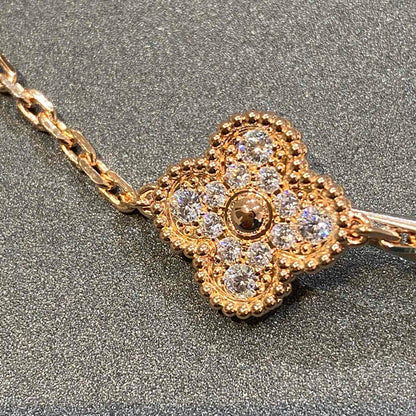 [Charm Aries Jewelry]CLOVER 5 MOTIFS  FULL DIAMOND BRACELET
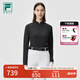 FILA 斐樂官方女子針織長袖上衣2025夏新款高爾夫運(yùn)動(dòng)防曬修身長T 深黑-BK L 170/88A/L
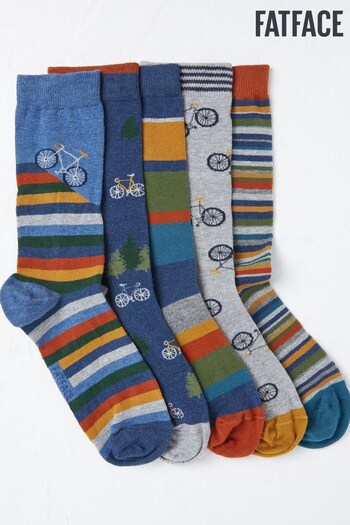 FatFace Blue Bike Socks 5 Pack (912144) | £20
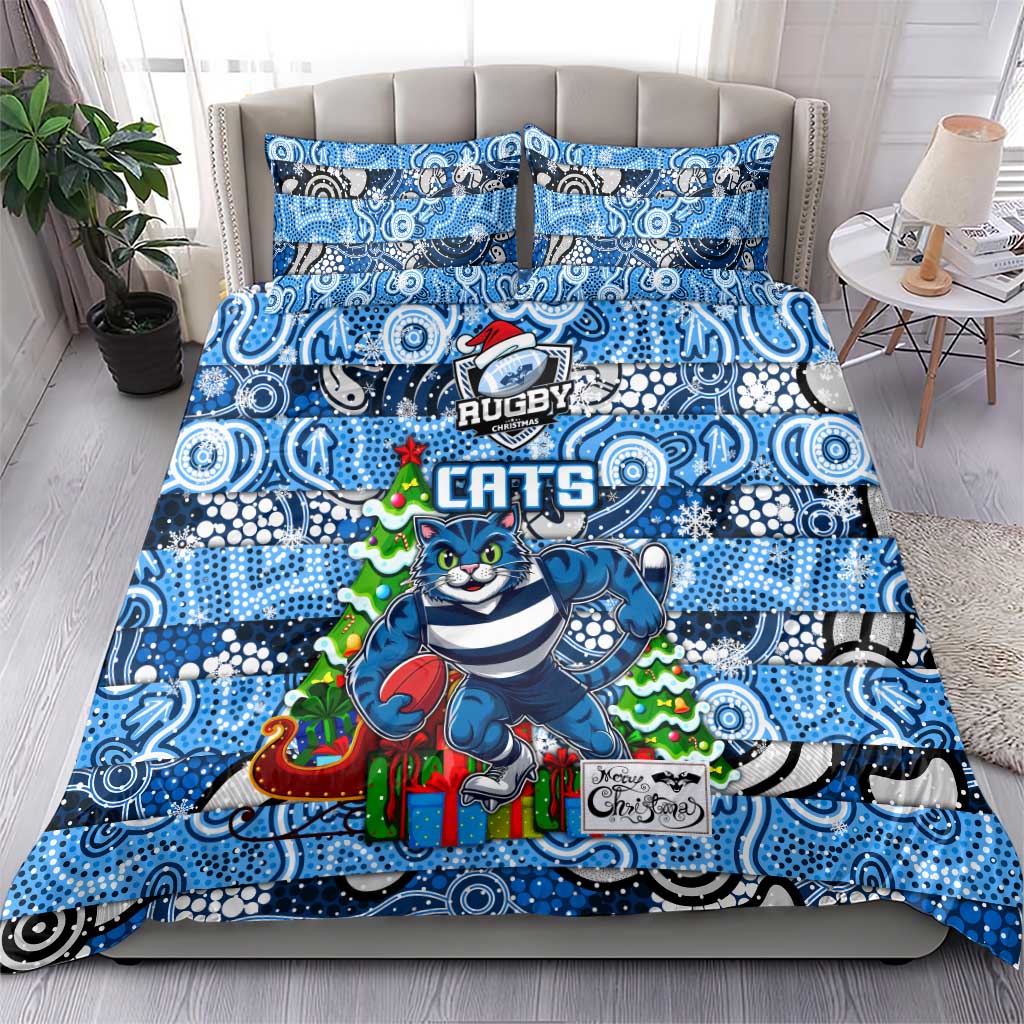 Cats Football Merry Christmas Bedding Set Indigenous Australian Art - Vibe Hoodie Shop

──────

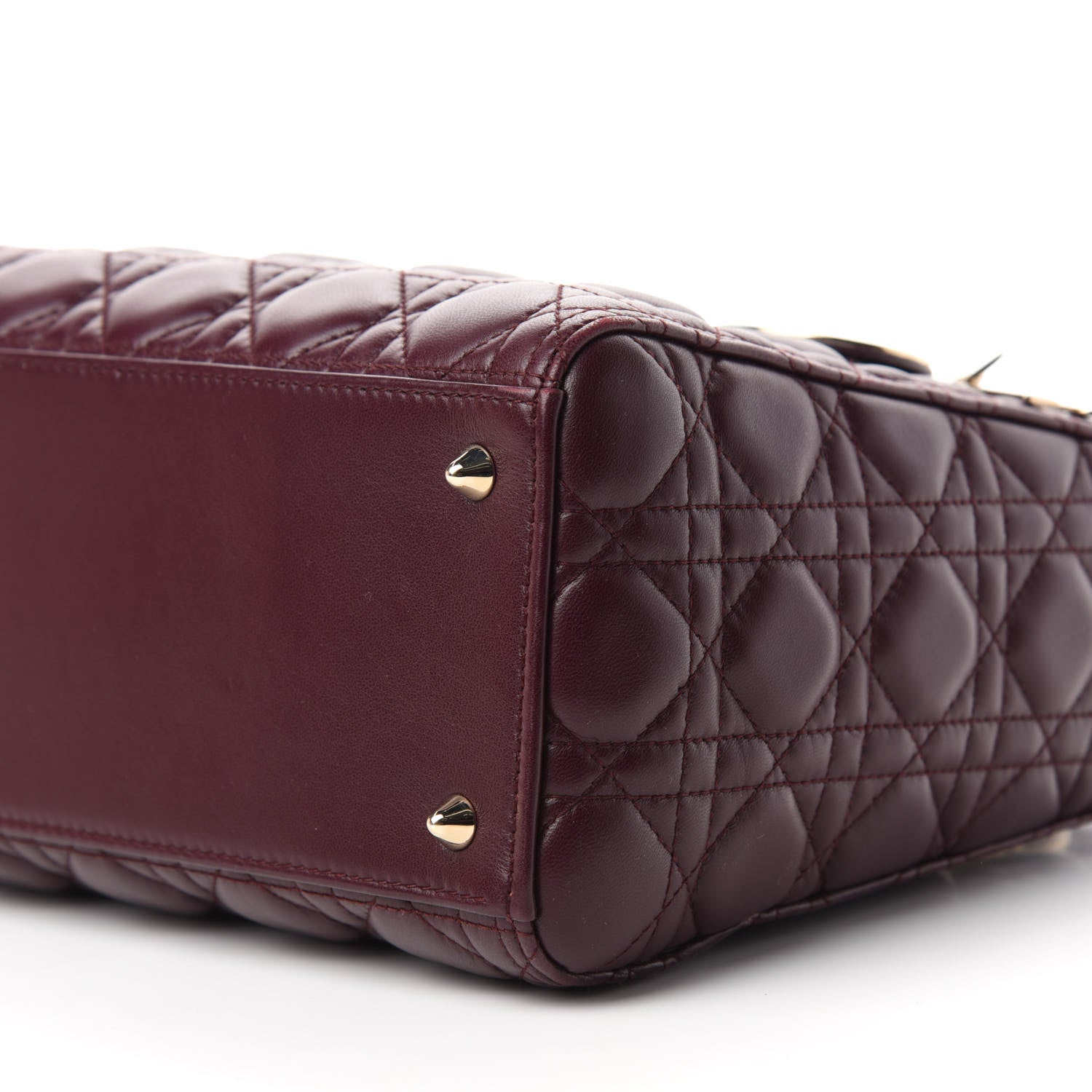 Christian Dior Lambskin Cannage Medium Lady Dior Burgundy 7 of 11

──────

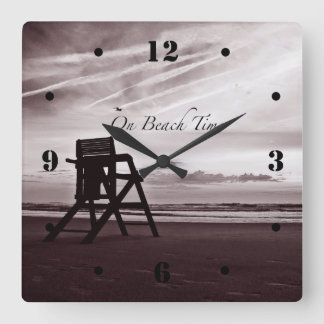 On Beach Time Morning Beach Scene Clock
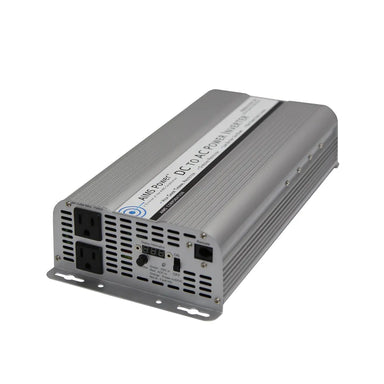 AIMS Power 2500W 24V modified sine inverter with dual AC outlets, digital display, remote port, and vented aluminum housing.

──────

* **EXERCISE GOAL**:
Those lines of the records above that run from the one containing "[Charm Aries Jewelry]CLOVER" through the one containing "Cats Football Merry" should be returned exactly, with no pictures among them.

* **ANSWER BELOW**:
 [Charm Aries Jewelry]CLOVER 5 MOTIFS  FULL DIAMOND BRACELET
 FILA 斐樂官方女子針織長袖上衣2025夏新款高爾夫運(yùn)動(dòng)防曬修身長T 深黑-BK L 170/88A/L
 FatFace Blue Bike Socks 5 Pack (912144) | £20
 Cats Football Merry Christmas Bedding Set Indigenous Australian Art - Vibe Hoodie Shop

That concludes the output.